The £175 million ($290 million) bond financing of the ExCeL exhibition centre, in London's Docklands, is the first time a project of this type has been fully privately financed. It highlighted the fact not only that private funds can be found for these enormous, and risky undertakings but also that bond-holder comfort can be maximised by creative risk mitigation structures. The challenge was an immense one, as ExCeL chief executive Ian Shearer acknowledges: "There's never been an exhibition centre financed before with private money - there was no template."

ExCeL was first suggested as part of an international competition run by the British government. Recognising the dearth in suitable venues in the country, submissions took account of three factors: architectural merit; a suitable business case; and a credible operating plan. The benefits to the winning consortium were clear - a huge supply/demand imbalance, or a qualitative deficit - and meant that future demand was likely to be high.

It would be too simplistic to call ExCeL a real-estate deal, simply because it is a case of running a business for several years rather than putting up a shed on a brownfield site. Shearer puts it this way: "The days of wandering around stalls with a plastic bag picking up brochures are long gone. People need places to meet, eat and network."

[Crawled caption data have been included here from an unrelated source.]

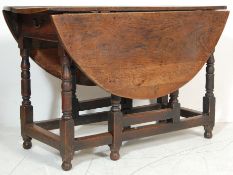 LATE 19TH CENTURY VICTORIAN OAK DROP LEAF GATE LEG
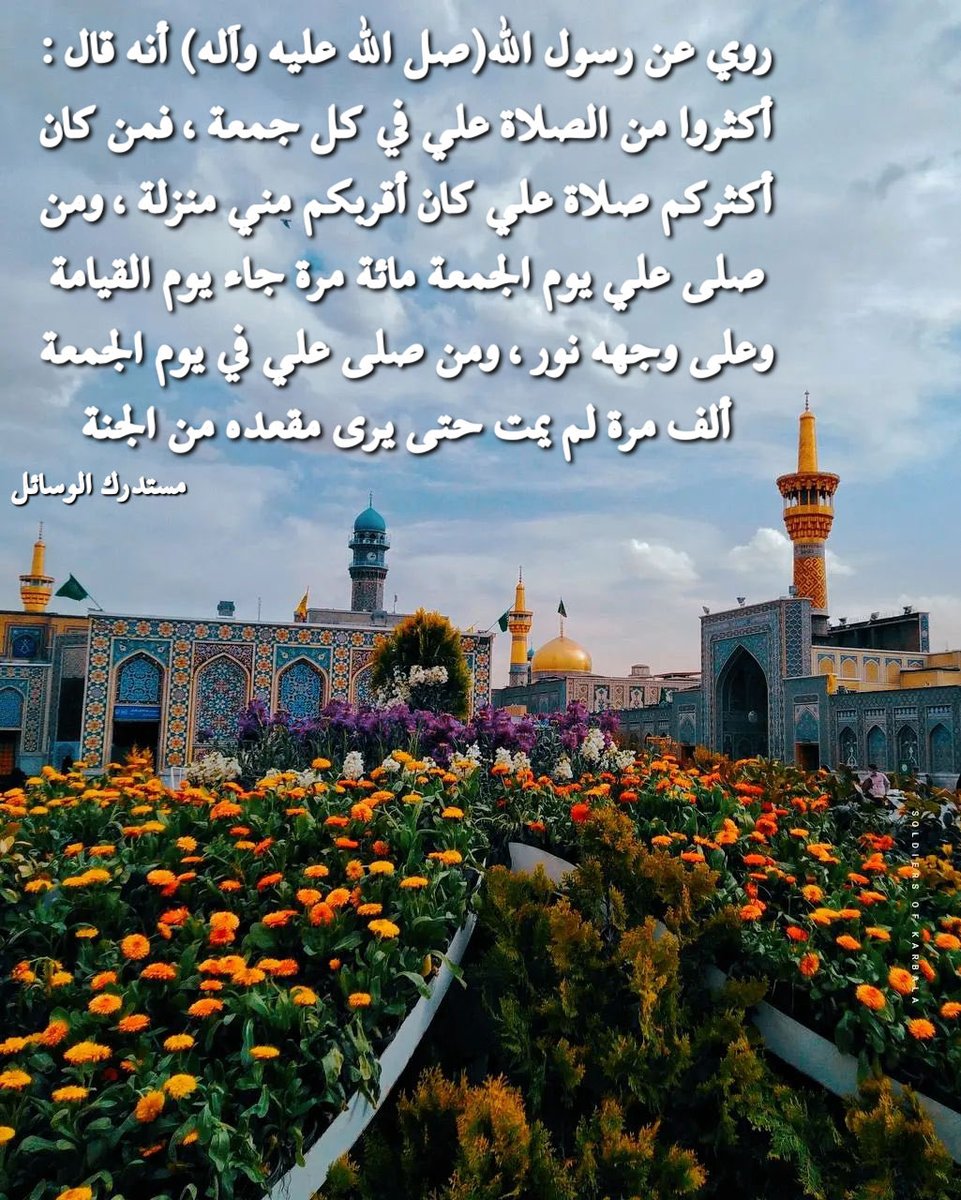CateCoin_App's tweet photo. 📚المصدر (مستدرك الوسائل - الميرزا النوري - ج ٦ - الصفحة ٧٢)
.
.
🔵تفضلوا جميع الصور لكم ولا تنسونا من الدعاء🔵
#كربلاء https://t.co/FpQiV23Tlz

The need for these ancillary facilities and for having the necessary marketing savvy to fill this vast building mean that ExCeL's business profile is essentially that of a start-up company.

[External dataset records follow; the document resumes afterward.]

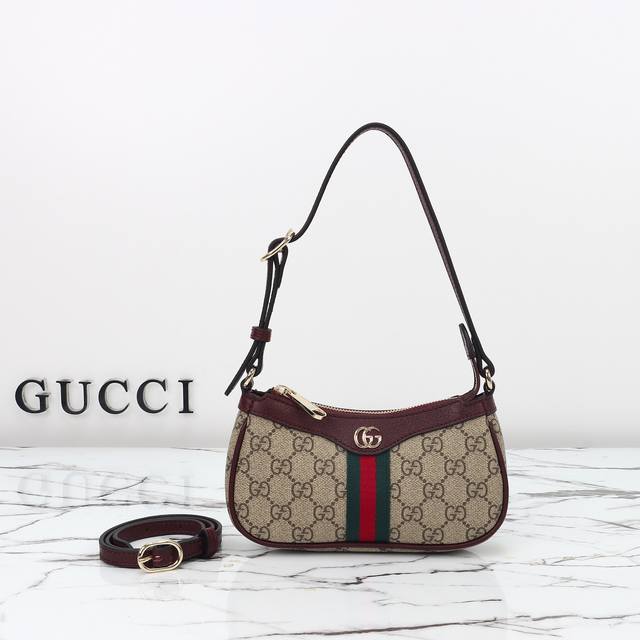 counter quality, original leather, model number 838465 brown red size: width 19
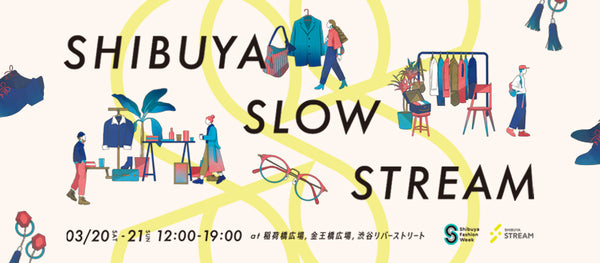 「SHIBUYA SLOW STREAM」に出店します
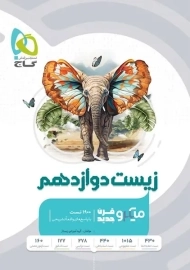 کتاب تست زیست دوازدهم میکرو قرن جدید گاج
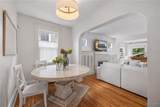 356 Sanders Road - Photo 8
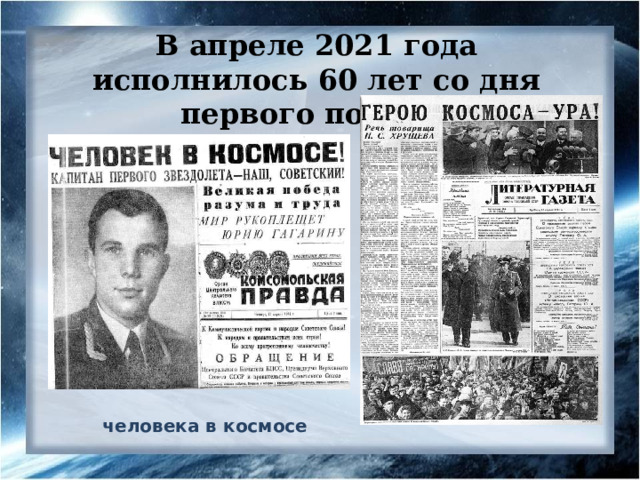 В апреле 2021 года исполнилось 60 лет со дня первого полёта . человека в космосе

Given the difficulty both in raising equity capital in an offering, or of extending the tenors to a length that would avoid serious frontloading on the repayments, the eventual bond issue was divided into two sections, essentially to reflect the different levels of business already guaranteed. Some exhibitors had already been confirmed, notably a large chunk of business from Miller Freeman (a subsidiary of United News and Media) and Reed Exhibitions, two of the biggest exhibition organisers around, and both 11% equity shareholders.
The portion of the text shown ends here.